Turgenev's achievement in the first four novels is to be measured in literary terms by the fact that before their appearance during the six-year period 1856-62 there was no tradition of the novel in Russian literature; while after their appearance there could be no other tradition except that of the novel.... Turgenev raised the art of the novel to an eminence surpassing all other genres; it was in the nature of things that the novel should have pride of place in the future.

This statement needs some clarification. You should know that before 1856 Russian literature had seen the appearance of several isolated works which, both in formal terms and in point of literary merit, could be described as novels:

Pushkin's novel in verse, Eugene Onegin, Lermontov's A Hero of Our Time, Gogol's Dead Souls, and Goncharov's A Common Story, to name only the outstanding examples. While these "novels were in essence amalgams of other traditions (poetic narrative, tale, novella), their authors were clearly in the first stages of forging what was eventually to become the tradition of the realistic novel in Russia.

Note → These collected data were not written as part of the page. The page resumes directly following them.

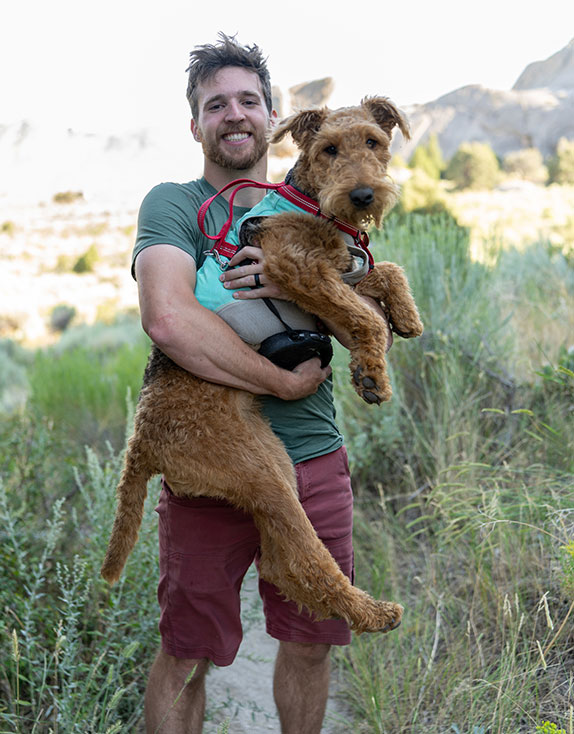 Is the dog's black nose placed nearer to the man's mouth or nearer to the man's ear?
the man's mouth

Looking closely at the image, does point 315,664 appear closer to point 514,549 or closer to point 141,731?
point 141,731

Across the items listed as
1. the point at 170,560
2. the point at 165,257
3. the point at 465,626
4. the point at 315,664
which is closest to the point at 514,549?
the point at 465,626

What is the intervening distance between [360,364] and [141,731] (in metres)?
2.01

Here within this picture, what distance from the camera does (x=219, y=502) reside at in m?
2.41

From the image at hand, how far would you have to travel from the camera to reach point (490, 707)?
2.49 m

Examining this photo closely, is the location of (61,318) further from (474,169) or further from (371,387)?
(474,169)

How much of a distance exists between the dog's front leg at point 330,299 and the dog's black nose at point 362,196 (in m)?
0.24

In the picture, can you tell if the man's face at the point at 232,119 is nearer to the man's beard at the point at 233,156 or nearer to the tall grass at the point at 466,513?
the man's beard at the point at 233,156

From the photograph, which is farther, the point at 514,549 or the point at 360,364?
the point at 514,549

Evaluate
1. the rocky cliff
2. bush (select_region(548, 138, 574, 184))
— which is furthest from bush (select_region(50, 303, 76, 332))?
the rocky cliff

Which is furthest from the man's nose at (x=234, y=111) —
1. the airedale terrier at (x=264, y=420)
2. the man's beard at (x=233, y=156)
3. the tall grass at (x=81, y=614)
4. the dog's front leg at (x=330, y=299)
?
the tall grass at (x=81, y=614)

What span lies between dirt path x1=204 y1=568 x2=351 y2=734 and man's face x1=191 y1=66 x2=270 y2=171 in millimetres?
2392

Since the early works of Tolstoy and Dostoevsky are, strictly speaking, not novels at all, it was Turgenev who picked up the thread and took the novel beyond these first stages. His contribution to the establishment of a tradition of the novel was twofold: first, he enlarged the short-story form; second, he developed his own form of the novel into a distinctive work of literary art, i.e., he mastered it. When, in 1859, Goncharov's Oblomov showed a similar mastery of the new genre, it was already following a tradition set down by Turgenev three years earlier. As Freeborn remarks:

Turgenev's novels can be said to show the way to future developments, and the success of his endeavour lay in the extent to which he was able to promote a tradition in the novel that did not hamstring those who came after him.

European Reputation    The great triad of novelists responsible for the sudden burst of attention bestowed by the literary world on Russian literature included Turgenev, Tolstoy, and Dostoevsky. Of the three, Turgenev was the source of the new tradition as well as the first to gain a European reputation.

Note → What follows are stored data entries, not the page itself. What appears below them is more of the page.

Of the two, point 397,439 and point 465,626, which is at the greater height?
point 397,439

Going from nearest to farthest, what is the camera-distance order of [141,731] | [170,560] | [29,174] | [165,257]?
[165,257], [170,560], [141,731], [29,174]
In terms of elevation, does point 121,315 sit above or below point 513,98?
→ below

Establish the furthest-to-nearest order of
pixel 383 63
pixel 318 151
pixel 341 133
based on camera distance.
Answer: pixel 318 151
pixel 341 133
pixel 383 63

It is strange to realize now how little Russian writing was available to the Western world in the last century. The fine poetry of the romantic period was almost impossible to translate; as a result, Pushkin and Lermontov, to mention only the best, were not then (and are not even today) accorded the place in world literature that they deserve.

But it was different with the prose writers. Turgenev apparently made the difference. He lived almost permanently in Western Europe after 1864; he became friends with continental and American writers; his works were translated into French, German, and English during his lifetime. No doubt it was initially because of him that the writings of Dostoevsky and Tolstoy gained worldwide attention as well.

Suggestions and Questions        As you read Fathers and Sons, keep the following suggestions in mind and think about how you would respond to the following questions:

1. One of Turgenev's devices is to extend his narrative plane. He does so in two ways: (1) by giving prehistories of his characters (extension in time); (2) by giving descriptions of the milieu (extension in ~

The prehistories usually contain important characterizing material. Nikolai Kirsanov's past, for example, reveals his propensity to act emotionally (his marriage against the wishes of his parents) and to love deeply and romantically (his ten years of happy, married life). Nikolai remains true to his nature throughout the course of the novel (especially revealing is chapter XI). His brother Pavel, whosepast is revealed by Arkady in chapter VII, is different, i.e., his actions do not conform to his past. A former military man and basically a rational and practical person, Pavel creates an illusion of "eternal love” for Princess R.

The two Kirsanov brothers are representatives of the older generation. They adhere to certain ideals and standards which form the basis of their existence. What are these values? Do you feel that they are important values? Why do you think Bazarov rejects them so violently?

2. Turgenev's descriptions of the milieu also contain important characterizing material. His details often suggest not only the material situation but also the interests and personality of a character. The poorly managed Kirsanov estate, Marino, is a reflection of Nikolai's lack of practical and organizational abilities, while the well managed Odintsova estate, Nikolskoe, conveys the idea that Anna has these abilities to a high degree.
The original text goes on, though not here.